Up to now i was using a GTX 275 and cuda toolkit 3.2 on Ubuntu Lucid 10.10 and everything went fine. The time needed for a startup of the application take approximately 1 till 3 seconds
including memory transfer and allocation of several hundreds of MBs (and additional OpenGL initialization, All cards are bound to an Xserver).

For testing purposes i switched to 2 newer GTX 580 systems (the speedup for calculation is incredible) running Ubuntu and Fedora respectively and the cuda toolkit 3.2 as well.

On these systems the application gets stuck at the creation of the cuda context for several minutes. After a real long period of time the application suddenly returns and runs further as usual. First i thought this has something to do with allocation and copying image data to texture memory, but after some time of searching for the problem i found out, that the waiting time is related to the first call to a cuda runtime function that needs the cuda context and therefore initializes it.

Running cudaSetDevice() and cudaThreadExit() as first calls to the runtime library get executed really quickly but calling cudaFree(0) or cudaThreadSynchronize() first causes this long time being stucked in whatever CUDA is doing internally. After taking a cup of tee the application is up and running. On the Fedora system quitting and executing again does not suffer from this long period of waiting but recompiling the application before executing brings back the problem.
Curiously this behavor does not occur on the GTX275 so i think it has to be a driver issue. I should have mentioned that my executable is really large (~9MB in size) but it does fine on the GTX275 and on following startups on the GTX580.

Does anybody has a clue, what is going on there - or is anybody experiencing the same behavor ?

kind regards,
daniel

Ok for everybody who’s experiencing a long startup time in cuda application too, i found the reason for my case !

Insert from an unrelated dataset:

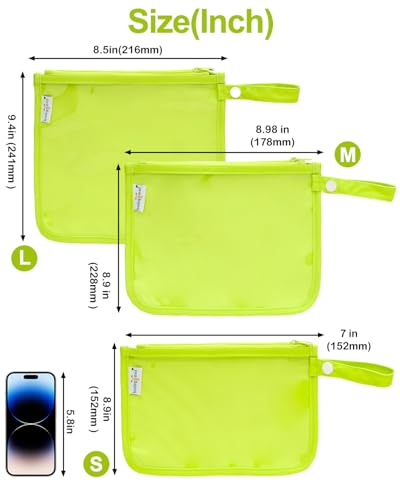 babygoal TSA Approved Lime Green Clear Travel Organizer Bags 3 Pack | Water Resistant Fabric, Dual Inner Pockets, Detachable Snap Handle, Secure Zipper Closure Storage Pouches - color: Fluorescent Green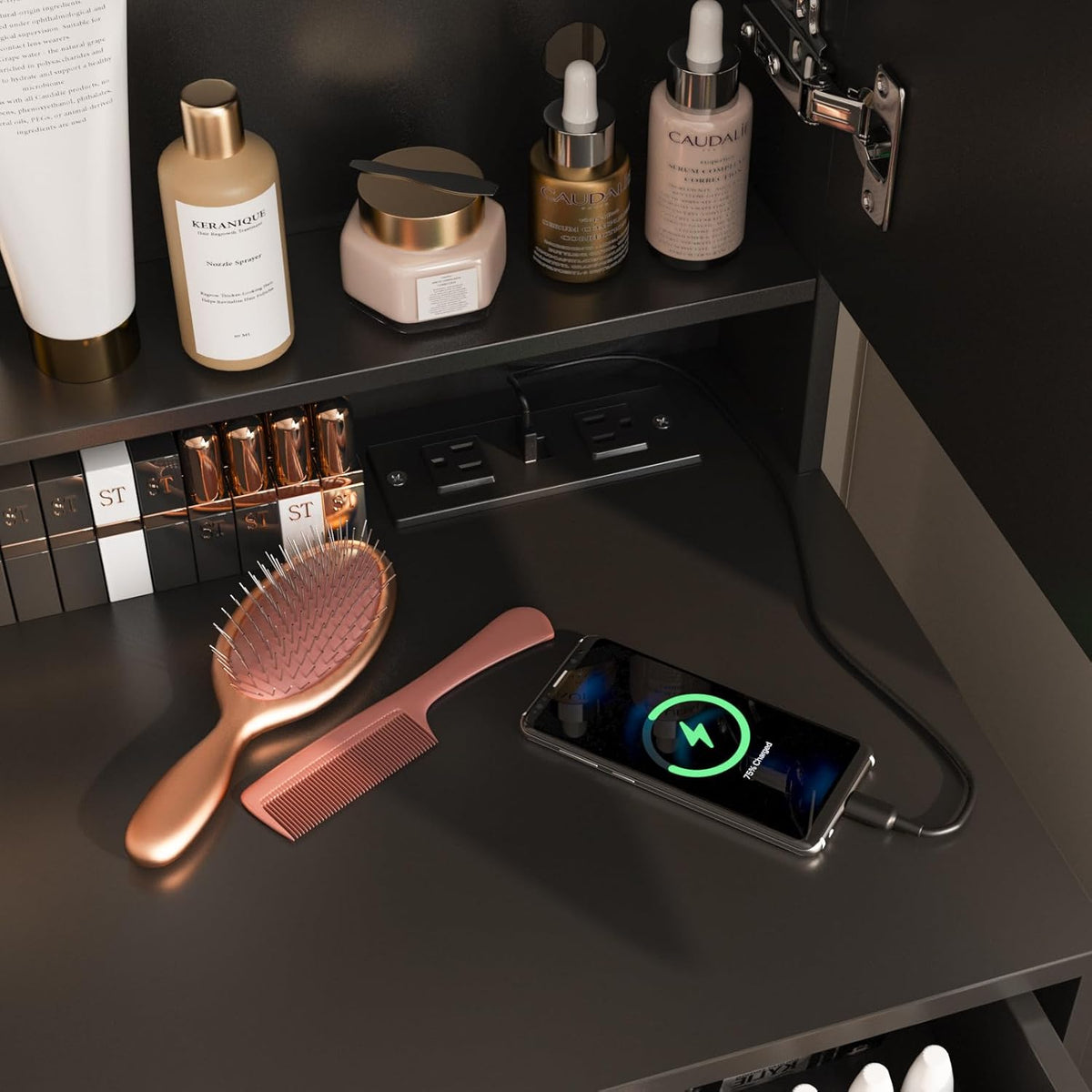 Vabches Vanity Makeup Mirror Desk with Stool,Makeup Vanity Set with 6 Drawers and Shelves,Dressing Table with Power Strip, 3 Color Modes Available,Black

The long time to start the application was spend to compile the embedded virtual ptx code (-code=compute_13) to binary gpu-code ( see just-in-time compilation in the nvcc manual ).
I wasn’t aware to the fact ( shame on me ! ) that GTX 4xx cards and later are already based on the fermi architecture, which needs code for compute capability 2.0. I adviced nvcc to only generate cubin code for sm_13:

-gencode=arch=compute_13,code="compute_13,sm_13"

the “compute_13” advices nvcc to embed ptx code into the executable, the “sm_13” specifies directly executable machine code.

On the older GTX 275 the sm_13 code was adequate for direct execution on its Gpu.
The newer GTX 580 needs to have sm_20 embedded, but the driver is able to compile the virtual ptx code “just-in-time”, which actually was “just-a-long-time” in my case …
Onces the code is jit-compiled the driver holds the binaries in its cache so further startups are as fast as usual.